The effects of climate and demographic history in shaping genomic variation across populations of the Desert Horned Lizard (Phrynosoma platyrhinos)

Cite this dataset

Farleigh, Keaka et al. (2023). The effects of climate and demographic history in shaping genomic variation across populations of the Desert Horned Lizard (Phrynosoma platyrhinos) [Dataset]. Dryad. https://doi.org/10.5061/dryad.79cnp5hvz

Abstract

Species often experience spatial environmental heterogeneity across their range, and populations may exhibit signatures of adaptation to local environmental characteristics. Other population genetic processes, such as migration and genetic drift, can impede the effects of local adaptation. Genetic drift in particular can have a pronounced effect on population genetic structure during large-scale geographic expansions, where a series of founder effects leads to decreases in genetic variation in the direction of the expansion. Here we explore the genetic diversity of a desert lizard that occupies a wide range of environmental conditions and that has experienced post-glacial expansion northwards along two colonization routes. Based on our analyses of a large SNP dataset, we find evidence that both climate and demographic history have shaped the genetic structure of populations.
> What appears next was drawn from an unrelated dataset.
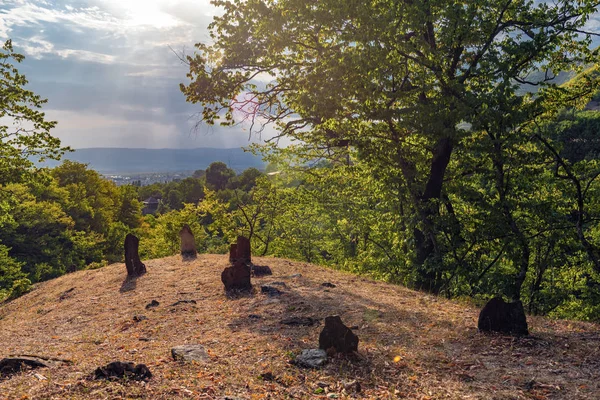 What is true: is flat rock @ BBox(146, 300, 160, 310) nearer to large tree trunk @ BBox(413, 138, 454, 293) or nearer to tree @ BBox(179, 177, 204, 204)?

Pronounced genetic differentiation was evident between populations occupying cold versus hot deserts, and we detected numerous loci with significant associations with climate. The genetic signal of founder effects, however, is still present in the genomes of the recently expanded populations, which comprise subsets of genetic variation found in the southern populations, and we found substantial evidence that genetic diversity of lizards differs along the two colonization routes.

Methods

We acquired tissue samples (toe or tail tissues) from 72 individuals of P. platyrhinos from 32 localities (1-5 samples/locality) across the species range spanning the Mojave, Sonoran, and Great Basin deserts. We then generated double-digest RADseq libraries for all samples using the protocol of Peterson et al. and processed sequence data with dDocent.

Usage notes

A README file that provides details on each script and data file is provided in the compressed directory.